> **TASK GOAL**
From the material below, reproduce exactly the stretch of lines that begins with the line holding "Hello, and welcome" and ends with the line holding "Faders containing sequences", skipping the pictures.

> **GIVEN RECORDS**

· · · ·

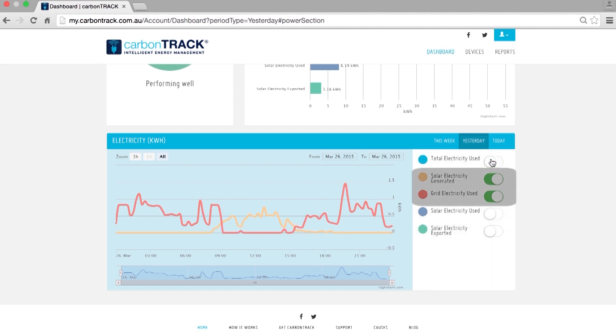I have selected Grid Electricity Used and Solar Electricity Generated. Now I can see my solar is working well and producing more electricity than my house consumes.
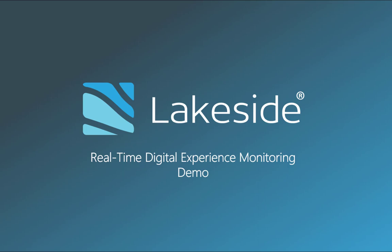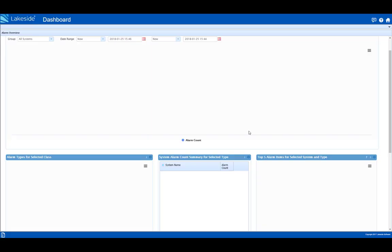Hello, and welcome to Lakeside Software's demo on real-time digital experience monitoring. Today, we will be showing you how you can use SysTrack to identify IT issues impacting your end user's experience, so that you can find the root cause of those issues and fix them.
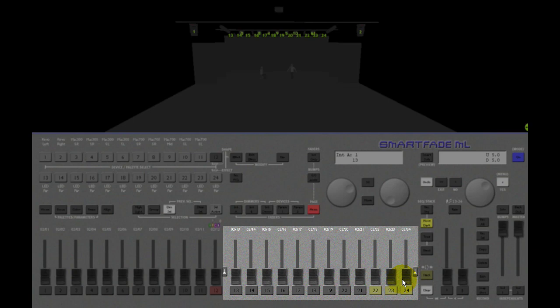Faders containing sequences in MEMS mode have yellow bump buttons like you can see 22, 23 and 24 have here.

· · · ·

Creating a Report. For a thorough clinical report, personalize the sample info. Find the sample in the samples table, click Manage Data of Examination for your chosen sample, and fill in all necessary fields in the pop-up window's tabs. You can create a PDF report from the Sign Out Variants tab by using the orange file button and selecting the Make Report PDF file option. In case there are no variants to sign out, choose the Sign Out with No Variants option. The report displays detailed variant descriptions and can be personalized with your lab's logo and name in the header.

· · · ·

> **RESPONSE BELOW**
Hello, and welcome to Lakeside Software's demo on real-time digital experience monitoring. Today, we will be showing you how you can use SysTrack to identify IT issues impacting your end user's experience, so that you can find the root cause of those issues and fix them.
Faders containing sequences in MEMS mode have yellow bump buttons like you can see 22, 23 and 24 have here.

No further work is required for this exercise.